▸ Requirement
An exact reproduction is needed of every line from the beginning of the data down to and including the line that contains "Women's Argyle V-Neck", minus the pictures.

──────── Supplied information ────────

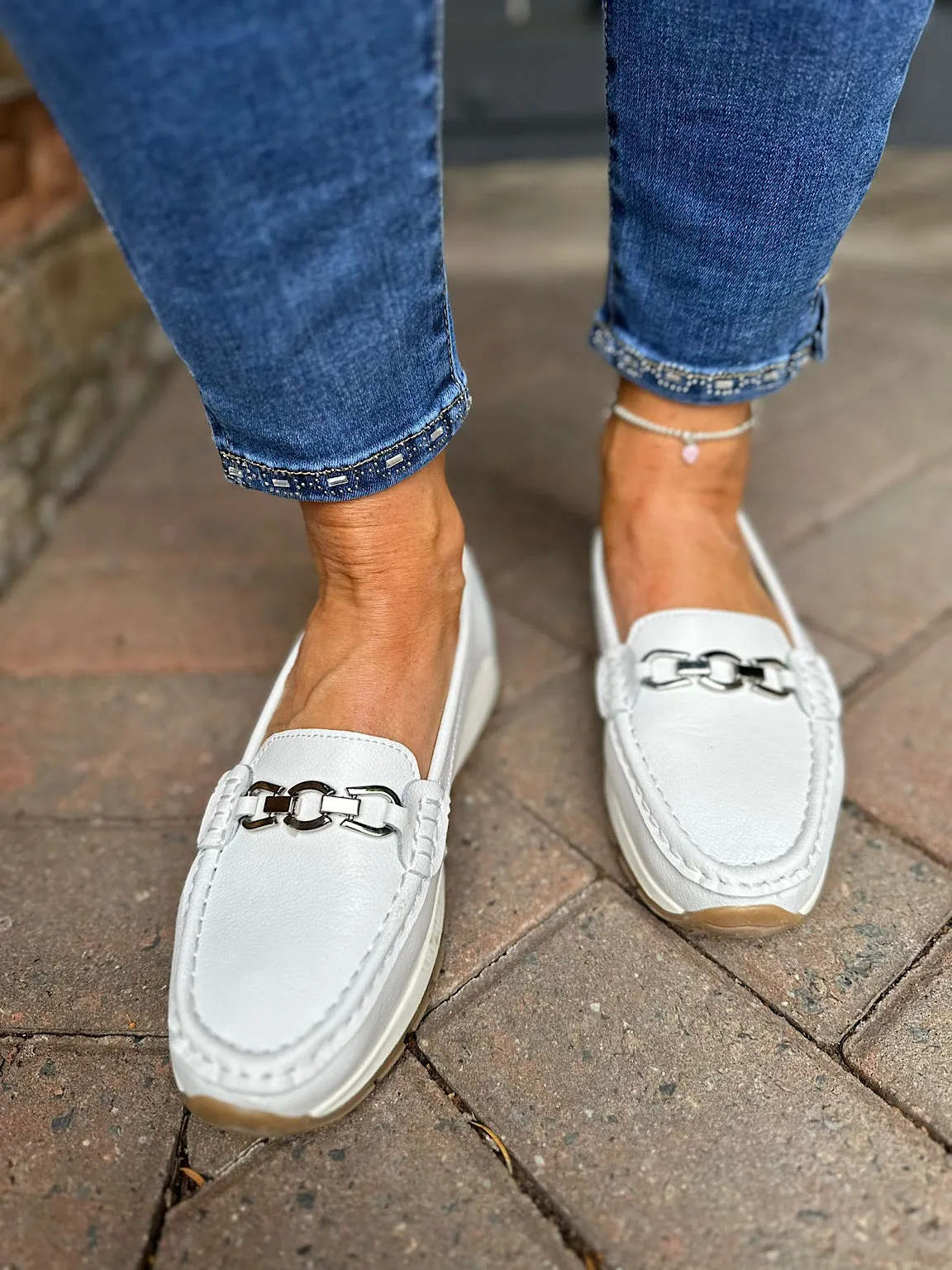 White Leather Buckle Loafer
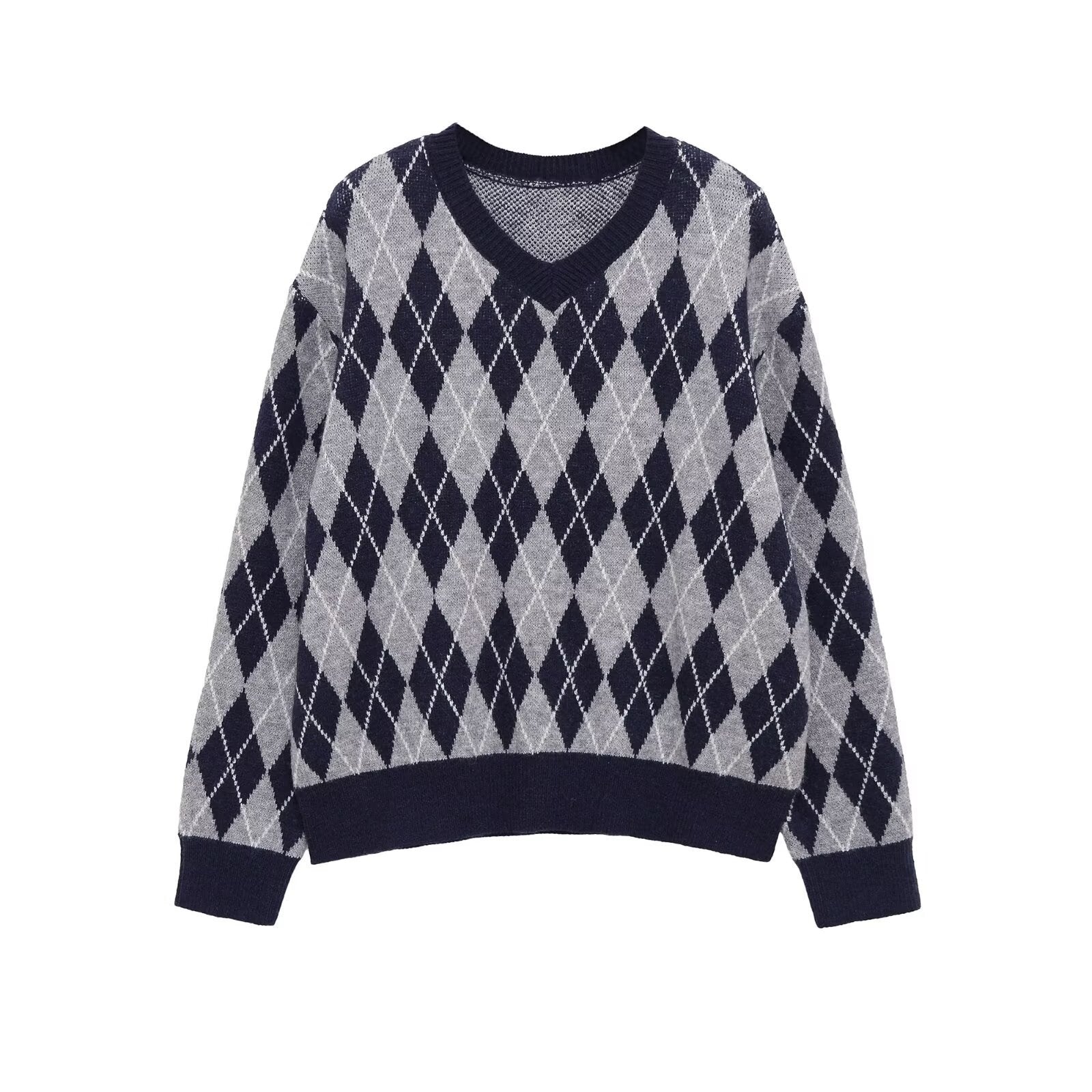 Women's Argyle V-Neck Knitted Sweater with Diamond Pattern Chichicherry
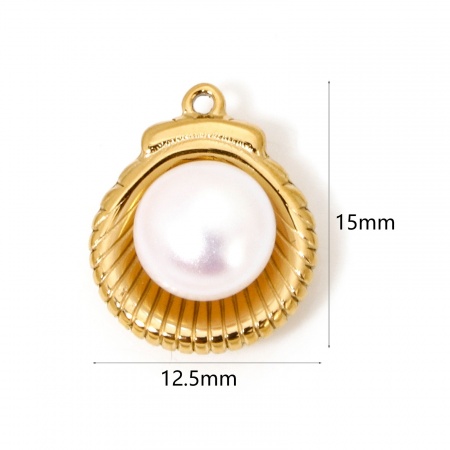 Picture of 1 Piece Vacuum Plating Stainless Steel & Shell Imitation Pearl Ocean Jewelry Charms Gold Plated Shell Shell Imitation Pearl 15mm x 12.5mm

────────

▸ Solution to this exercise
 White Leather Buckle Loafer
 Women's Argyle V-Neck Knitted Sweater with Diamond Pattern Chichicherry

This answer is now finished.